This is the first issue of my five-part series examining animal and plant-based diets.
My goal with this series is to provide you with information that you will hopefully find helpful when it comes to making healthy food choices for you and your family.
Because, as we all know, the health choices we make today have a huge impact on our quality of life tomorrow.
“Let food be your medicine and medicine be your food.” – Ancient Greek physician Hippocrates
Norway 1939. World War II.
The German army begins their occupation of Norway. The Germans confiscate all the livestock for their own troops.

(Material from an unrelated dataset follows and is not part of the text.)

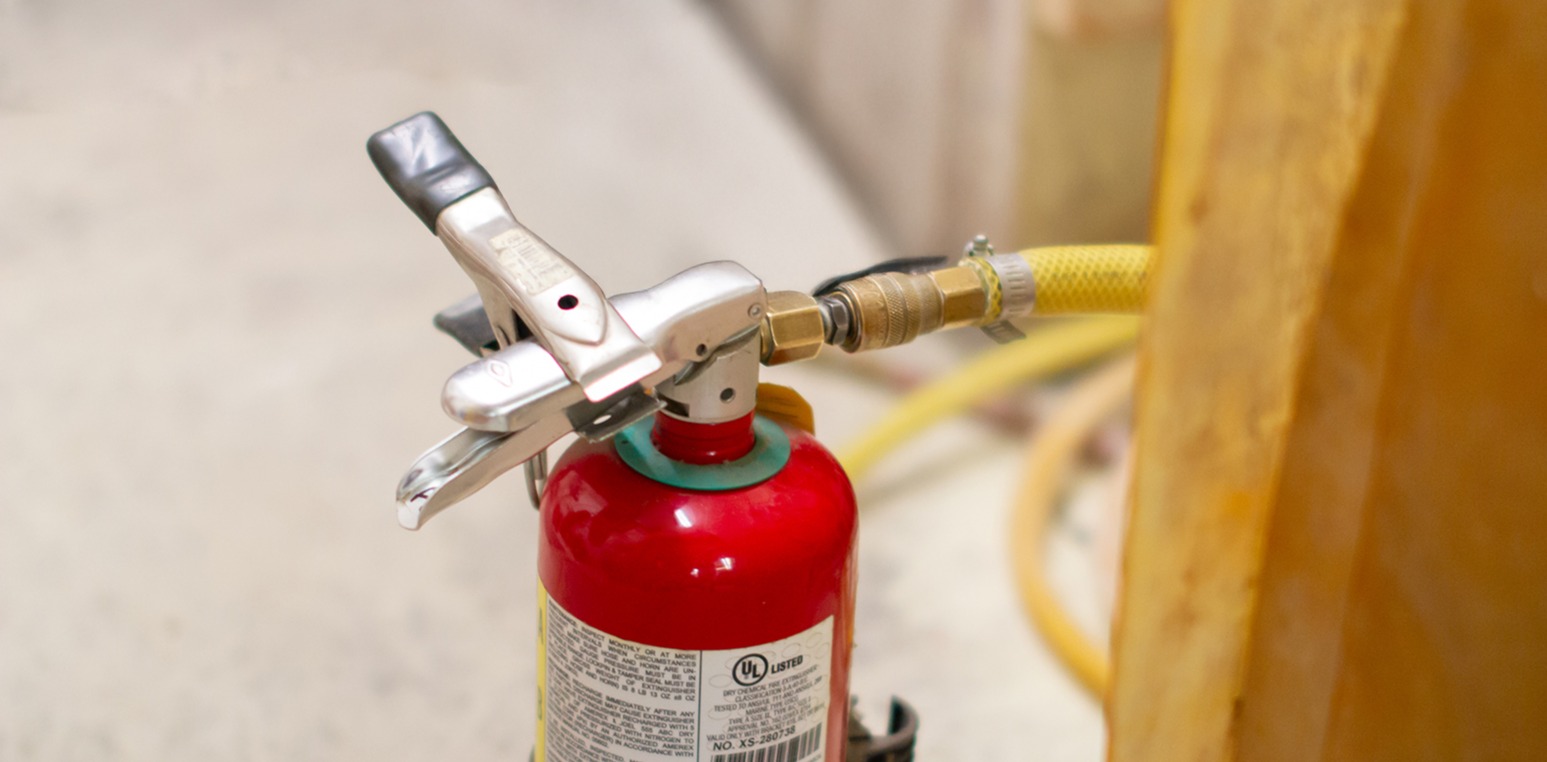 Fire extinguisher being re-filled suppression chemicals during 6-year service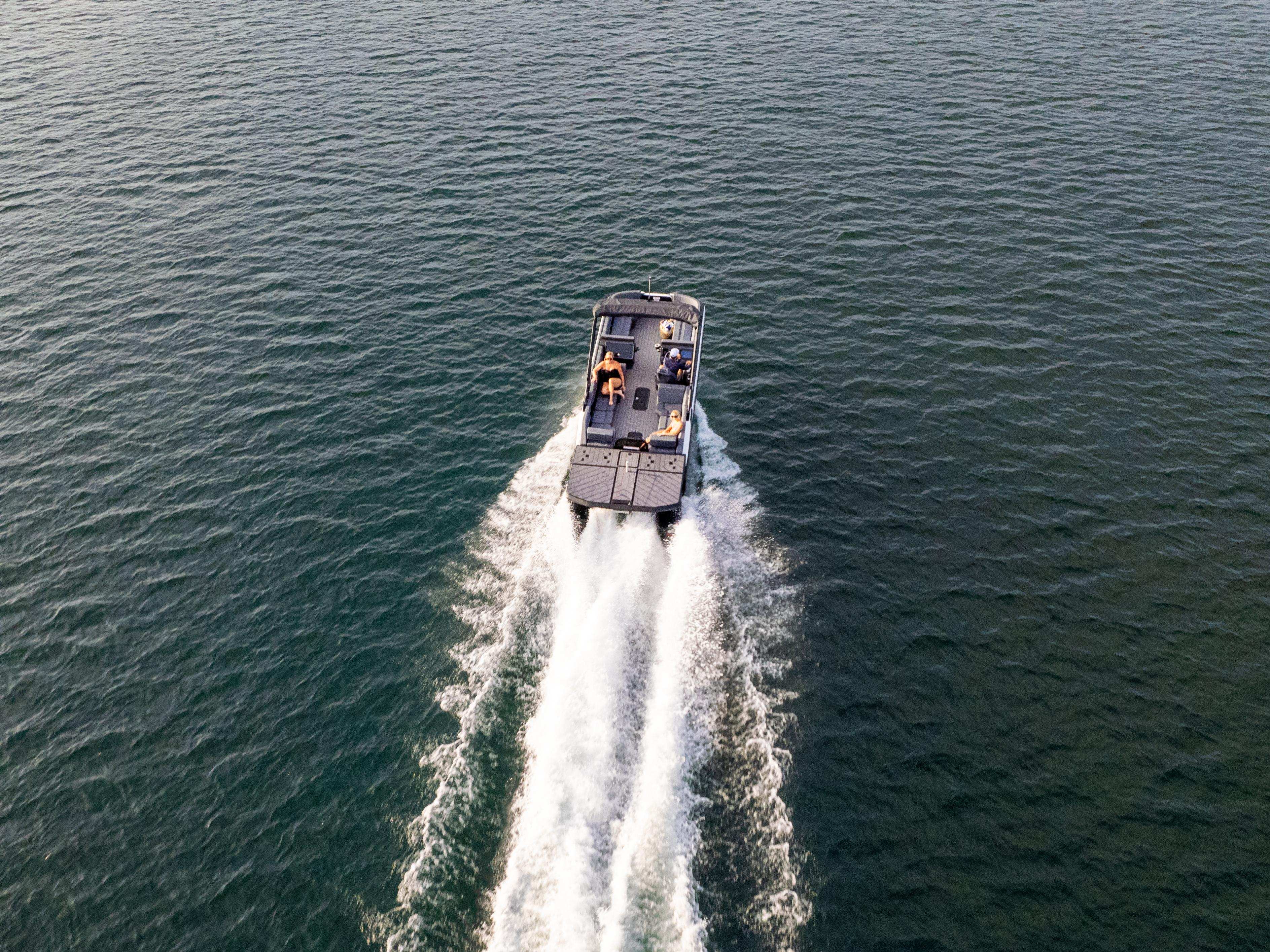 Bird's eye of the 2024 Manitou Explore pontoon on the water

This forces the Norwegians to eat plant-based foods.
Later, it’s discovered that something unexpected happened as a result of this dietary shift: The Norwegian mortality rate from circulatory diseases drops significantly over the next six years.
It only starts to rise again after the war is over and meat and dairy are reintroduced into their diet.
Dr. Caldwell Esselstyn tells this story in the documentary film Forks Over Knives.
Of course, the above story is just one story. More proof would be required to draw any firm conclusions from it.
And in addition, you might want to consider other opinions. For example, someone by the name of Denise Minger published a lengthy article online pointing out discrepancies in the above story.
Neither a doctor nor a scientist, Minger has turned her bashing of Forks Over Knives, and the book that inspired it, The China Study, into a cottage industry for herself.
She points out, among other things, that while the dairy and meat consumption did go down, so did sugar consumption. Plus fish consumption went up.
And she notes that the drop in deaths went from 30 deaths per 10,000 to 24 deaths per 10,000, a drop of only 6 deaths per 10,000.
Do these additional insights mean everything stated in Forks Over Knives and written in The China Study is bunk?
Not necessarily. Especially when many other researchers have come to a similar conclusion: that by eating a whole food’s plant-based diet, many of our most crippling conditions could be greatly reduced, if not completely irradiated.
Or in other words, if you shift to a plant-based diet, you dramatically lessen your chance of acquiring heart disease, high blood pressure, cancer, high cholesterol and diabetes.
Which, of course, will substantially reduce, both now and down the road, your need for expensive drugs and corrective surgery.
Meaning, you’ll have a much better quality of life…and you’ll live longer. And who doesn’t want that?
But do you really have to give up red meat completely to achieve it?
In a way, the “war” between meat eaters and vegetarians is similar to the “war” between opposing sides in politics in that important data is sometimes ignored on one side (or the other) in order to avoid diluting one’s argument.
And, of course, there are a lot of politics involved when it comes to food. Governments and corporate lobbyists are all too willing to support what’s best for them economically, which often turns out to be to the detriment of people’s health and well-being. Doctors and big pharmacy often appear more interested in the money available to them through treatment, rather than prevention.
So what’s a person to do?
One thing is certain; it’s too serious an issue to not investigate fully for yourself.
First, let’s look at some important facts: According to the World Health Association, obesity has nearly doubled since 1980. In 2008, more than 1.4 billion adults, 20 and older, were overweight.
Of these, over 200 million men, and nearly 300 million women, were obese. 35% of adults aged 20 and over were overweight in 2008, and 11% were obese. More than 40 million children under the age of five were overweight in 2011.
Nationmaster.com published the results of a study about obesity by country. What they found was that the United States was the most obese country with 30.6% of the population being obese.
Next came Mexico (24.2%) followed by United Kingdom (23%), Slovakia (22.4%), Greece (21.9%), and Australia (21.7%).
New Zealand, Hungary, Luxembourg, Czech Republican, Canada and Spain rounded out the top 12.
Note: If anything, these figures are too conservative, as children are included in the above numbers.